Next week, Karun Chandhok will become the second Indian to race in Formula One
The sun has begun to shine on Karun Chandhok, finally. Always, by Jon Bon Jovi, is almost always on Chandhok’s ipod playlist as well as his Medion laptop when he travels the world with the motorsport circus.india Updated: Mar 06, 2010 23:35 IST
Well, there ain’t no luck
In these loaded dice
But baby if you give me just one more try
We can pack up our old dreams…
We’ll find a place where the sun still shines
The sun has begun to shine on Karun Chandhok, finally.
Always, by Jon Bon Jovi, is almost always on Chandhok’s ipod playlist as well as his Medion laptop when he travels the world with the motorsport circus.
For years, the American rock musician could have been venting Chandhok’s anguish at being the Formula One (F1) outsider — waiting for a break into the big league.
On Thursday, with a call from Hispania Racing Team principal Colin Colles, his dreams turned real.

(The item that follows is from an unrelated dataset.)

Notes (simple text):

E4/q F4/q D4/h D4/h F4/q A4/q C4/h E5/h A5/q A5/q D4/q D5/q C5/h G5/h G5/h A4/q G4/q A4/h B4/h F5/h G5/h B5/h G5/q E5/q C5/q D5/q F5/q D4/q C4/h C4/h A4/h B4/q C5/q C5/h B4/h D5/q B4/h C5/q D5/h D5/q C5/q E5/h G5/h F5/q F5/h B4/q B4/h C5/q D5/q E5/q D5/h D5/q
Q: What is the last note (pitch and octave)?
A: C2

Hispania is the new avatar of the Campos F1 team after it was taken over by financier Jose Ramon Carabante. The new team is based in the south-eastern Spanish city of Murcia.

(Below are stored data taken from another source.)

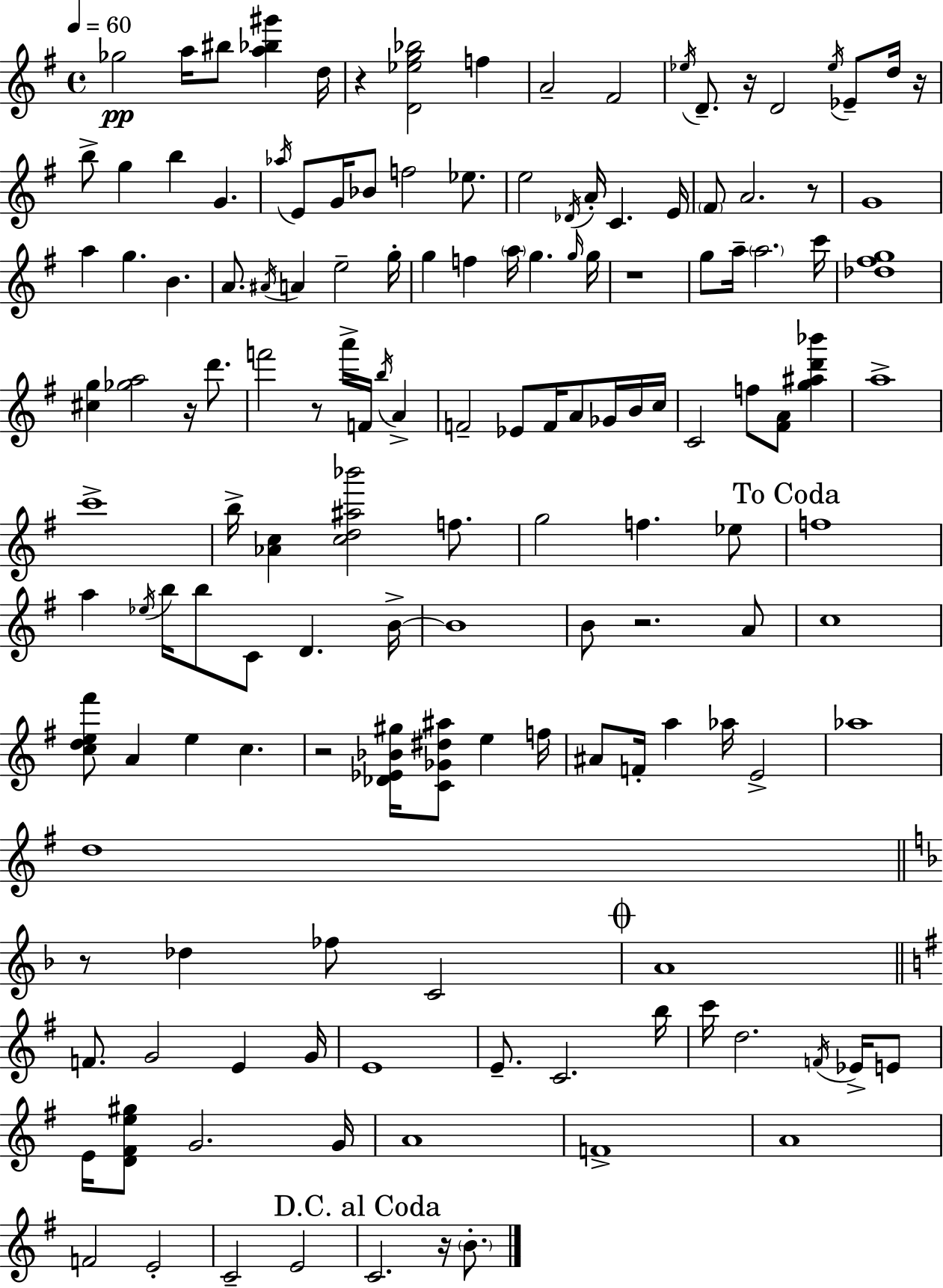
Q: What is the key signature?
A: G major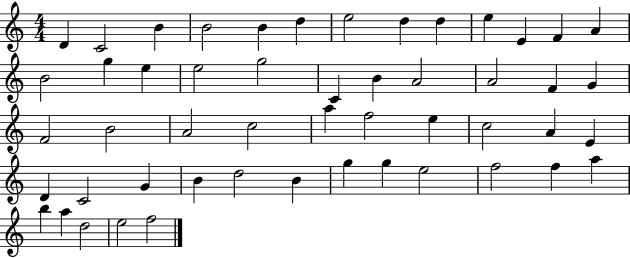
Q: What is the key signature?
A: C major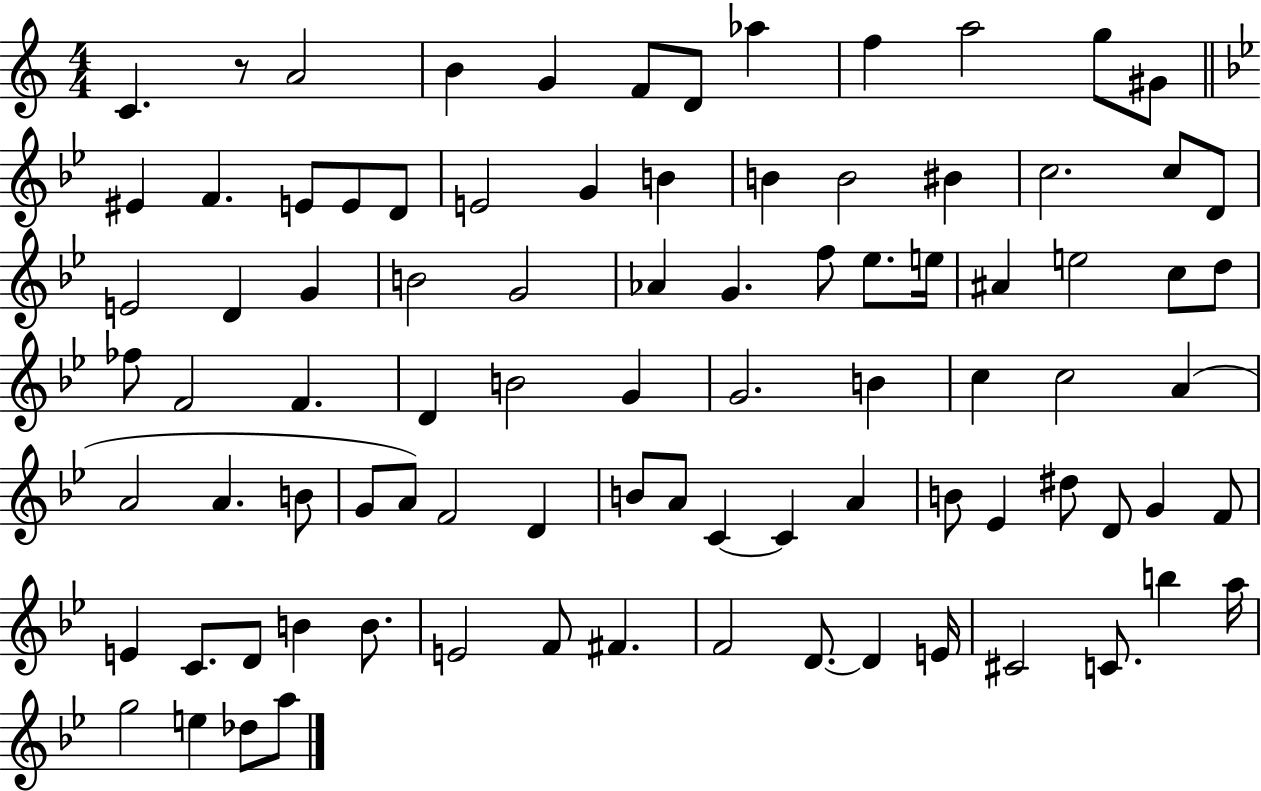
C4/q. R/e A4/h B4/q G4/q F4/e D4/e Ab5/q F5/q A5/h G5/e G#4/e EIS4/q F4/q. E4/e E4/e D4/e E4/h G4/q B4/q B4/q B4/h BIS4/q C5/h. C5/e D4/e E4/h D4/q G4/q B4/h G4/h Ab4/q G4/q. F5/e Eb5/e. E5/s A#4/q E5/h C5/e D5/e FES5/e F4/h F4/q. D4/q B4/h G4/q G4/h. B4/q C5/q C5/h A4/q A4/h A4/q. B4/e G4/e A4/e F4/h D4/q B4/e A4/e C4/q C4/q A4/q B4/e Eb4/q D#5/e D4/e G4/q F4/e E4/q C4/e. D4/e B4/q B4/e. E4/h F4/e F#4/q. F4/h D4/e. D4/q E4/s C#4/h C4/e. B5/q A5/s G5/h E5/q Db5/e A5/e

Before his moment in the sun, Chandhok weathered many a dark cloud.
“The winter of 2006 was the bleakest,” he says.
“Despite winning the Formula Renault championship, I was getting no funding to race in Europe. I even approached Raikkonen-Robertson Racing for a 9-to-5 administrative job.”

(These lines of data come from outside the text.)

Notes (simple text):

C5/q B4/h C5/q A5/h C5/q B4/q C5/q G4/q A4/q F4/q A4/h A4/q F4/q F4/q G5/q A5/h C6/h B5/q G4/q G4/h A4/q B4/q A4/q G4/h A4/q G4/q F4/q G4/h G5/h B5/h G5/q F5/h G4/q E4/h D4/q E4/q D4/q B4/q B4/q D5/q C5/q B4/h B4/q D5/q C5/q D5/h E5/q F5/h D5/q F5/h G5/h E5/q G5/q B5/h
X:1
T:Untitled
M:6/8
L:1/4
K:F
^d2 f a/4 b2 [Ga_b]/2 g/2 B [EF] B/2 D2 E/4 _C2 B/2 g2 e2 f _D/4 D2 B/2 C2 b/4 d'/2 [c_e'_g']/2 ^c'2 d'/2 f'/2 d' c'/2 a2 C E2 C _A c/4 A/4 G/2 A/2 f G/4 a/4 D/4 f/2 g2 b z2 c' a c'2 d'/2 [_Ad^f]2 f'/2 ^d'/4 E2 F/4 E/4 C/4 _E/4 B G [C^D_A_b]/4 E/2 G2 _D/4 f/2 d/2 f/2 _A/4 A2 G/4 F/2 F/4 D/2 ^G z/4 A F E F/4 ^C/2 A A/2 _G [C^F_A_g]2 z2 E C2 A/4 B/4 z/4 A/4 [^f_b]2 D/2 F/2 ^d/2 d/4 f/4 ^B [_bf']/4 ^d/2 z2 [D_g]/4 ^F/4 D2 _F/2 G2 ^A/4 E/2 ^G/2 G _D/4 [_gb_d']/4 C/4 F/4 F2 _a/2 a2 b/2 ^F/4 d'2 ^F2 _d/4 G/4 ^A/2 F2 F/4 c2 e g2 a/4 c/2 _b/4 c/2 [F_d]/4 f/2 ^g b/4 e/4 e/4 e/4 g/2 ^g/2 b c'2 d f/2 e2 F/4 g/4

A day before he could join, F1 boss Bernie Ecclestone rescued Chandhok to offer him a drive in GP2.
Then, in 2009, leading convincingly on his dream circuit in Monaco, his car’s drive shaft snapped.
“It was most disappointing,” he says.
On Friday, the importance of becoming the second Indian to race in F1 hadn’t yet sunk in.
“Only when I am seated behind the wheel at Bahrain and see my name alongside an Alonso (Fernando) and a Schumacher (Michael) would I believe I’ve made it,” he told HT from Spain.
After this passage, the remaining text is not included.